= The Aryan Path =

Anglo-Indian theosophical journal

The Aryan Path was an Anglo-Indian theosophical journal published in Bombay, India, between 1930 and 1979. An article in the Theosophical Movement Magazine, also edited by B. P. Wadia at the time, described Aryan Path in the following terms:

Wherever thought has struggled to be free, wherever spiritual ideas, as opposed to forms and dogmatism, have been promulgated, there the great Movement is to be discerned. This aspect can rightly be named the Republic of Conscience; for, wherever human conscience is active, in honesty and sincerity, there the potency of Theosophy is present. The Aryan Path is the vehicle of this aspect of the Theosophical Movement, while it also presents teachings of practical value to the aspirant for the Higher Life and to the students of the esoteric science.

Its mission was threefold:

1. To penetrate the mind of the race with Theosophical ideas and principles of the Esoteric Philosophy.
2. To present teachings about the Aryan or Noble Path which can be practised.
3. To bring to the Westerner the Light of the East, and to present to the Oriental whatever there is — and there is a great deal — of beauty and worth in Occidental culture; at the same time to attempt to spiritualize the mind and to deepen the insight of many kinds of Free Thinkers, among whom are students of Theosophy with different affiliations.

The magazine's first editor was B. P. Wadia.
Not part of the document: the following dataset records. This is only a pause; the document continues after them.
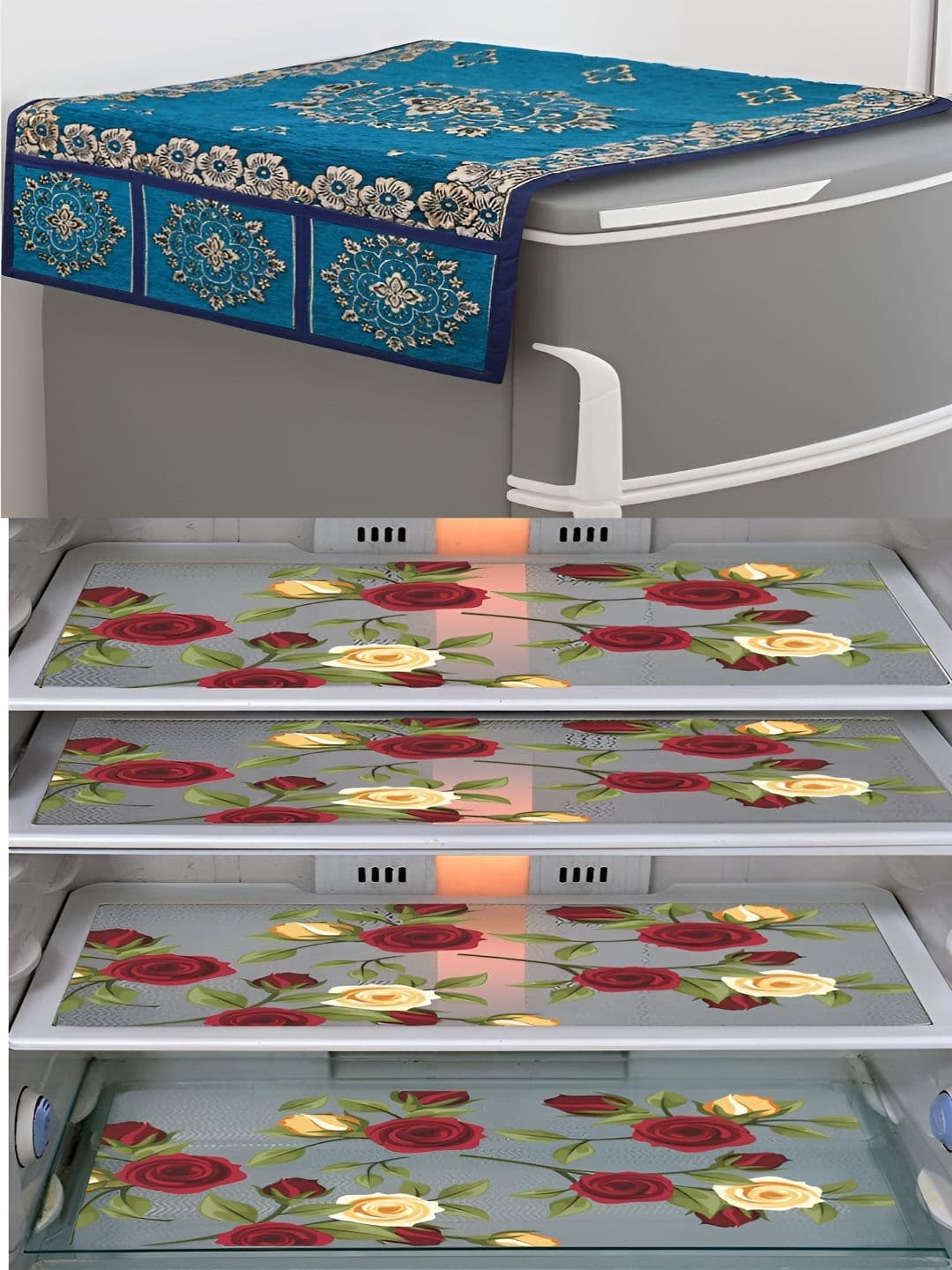 LooMantha Transparent & Blue 5 Pieces Floral Printed Fridge Top Cover & Fridge Mats - view 1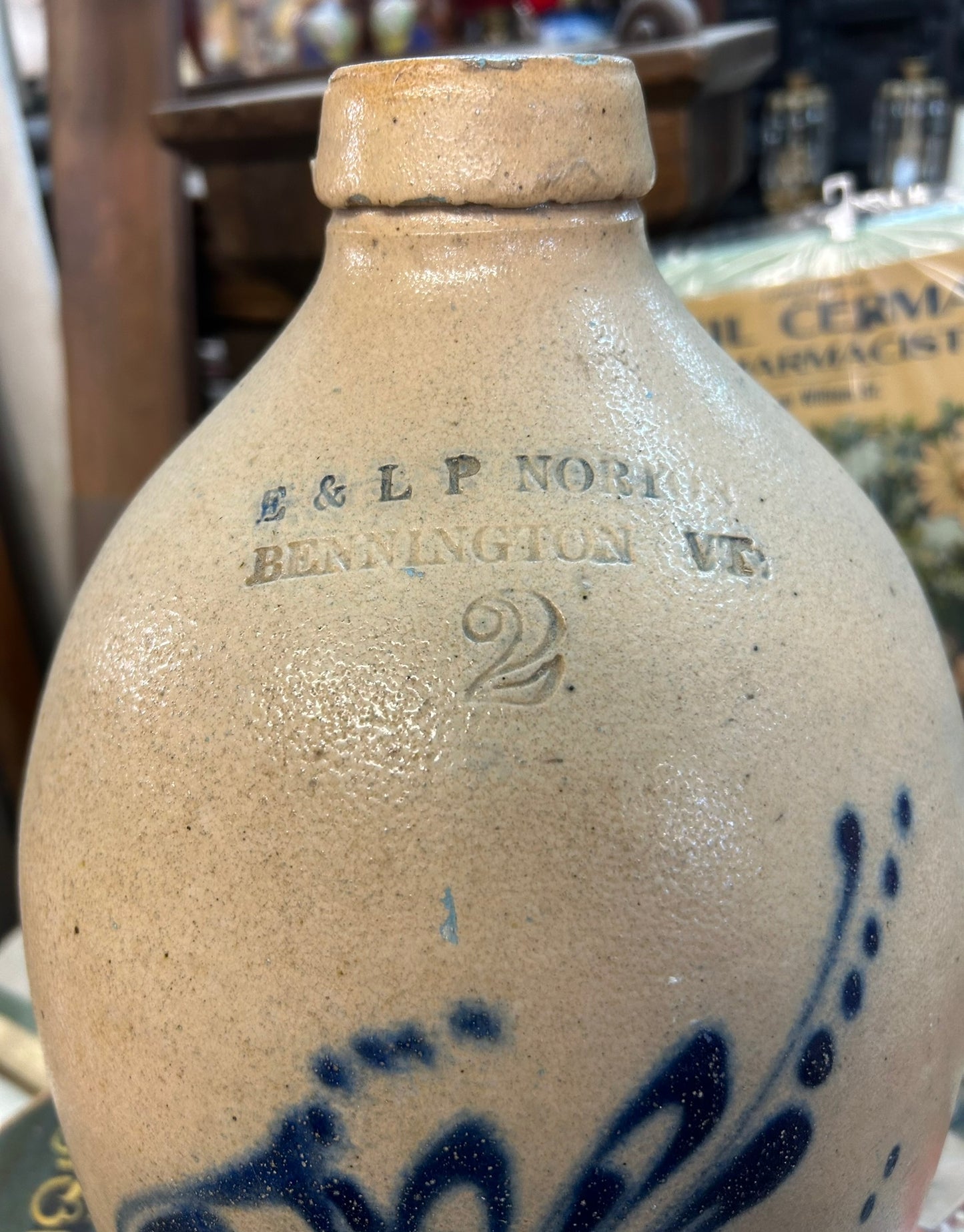 E & L P NORTON BENNINGTON VERMONT 2 GALLON ANTIQUE STONEWARE JUG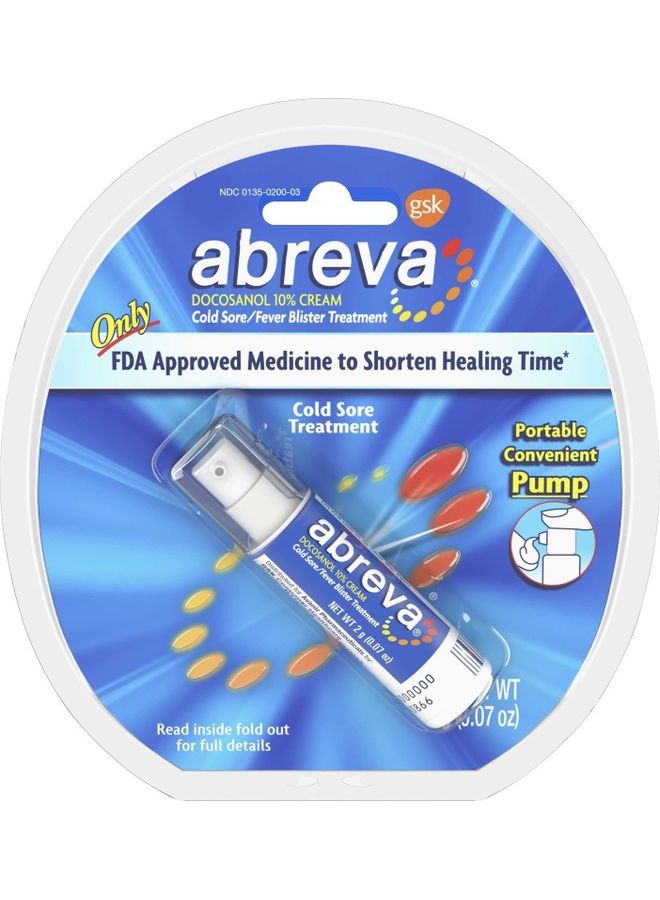 abreva Docosanol 10% Cream Pump, Treatment for Cold Sore with Fever Blister, 0.07 Ounce - Image 1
It was published on a bimonthly basis by a group called the Theosophy Company, which distributed copies of the magazine to London.

==History and profile==
The Aryan Path was founded in January 1930. In its first edition, a writer named "Shravaka" emphasised that so much "original" writing is done today, so much "self-expression" is indulged in that, in the glamour that is raised, the chants of the Gods remain unheard. One of our tasks is to bring home the truth that it is not derogatory to respect the old age facts of the science of the soul.

The Aryan Path was published in English on a monthly basis. The journal contained a variety of articles on Hindu and Buddhist spiritual traditions, as well as essays on English literature, Ruskinian socialism, aesthetics and science. The journal's contributors included C. E. M. Joad, John Middleton Murry, A. E. Waite, Ramananda Chatterjee, Edmond Holmes, Max Plowman, J. D. Beresford, Hugh I'Anson Fausset, Hugh de Sélincourt, Humbert Wolfe and Gertrude Emerson Sen. The March 1930 issue carried an essay on reincarnation by Algernon Blackwood.

The March 1932 issue carried the article "Goethe and the East" by Otto Schrader, described by The Spectator magazine as "timely and interesting".

Black American scholars such as Alain Locke and William Harrison also contributed to this journal.
The magazine ran several articles criticising racism.

After 1933 the magazine received considerable correspondence concerning the rise of Nazism, which the journal strongly opposed. In 1938 The Aryan Path ran an article condemning fascism and Nazism by G. D. H. Cole.

In 1952 The Aryan Path ran a series of articles on the Bon religion of Tibet by René de Nebesky-Wojkowitz.

The articles of this journal have been quoted in discussions about race relations, Indian civilization and English literature.

The Aryan Path ceased publication in 1979.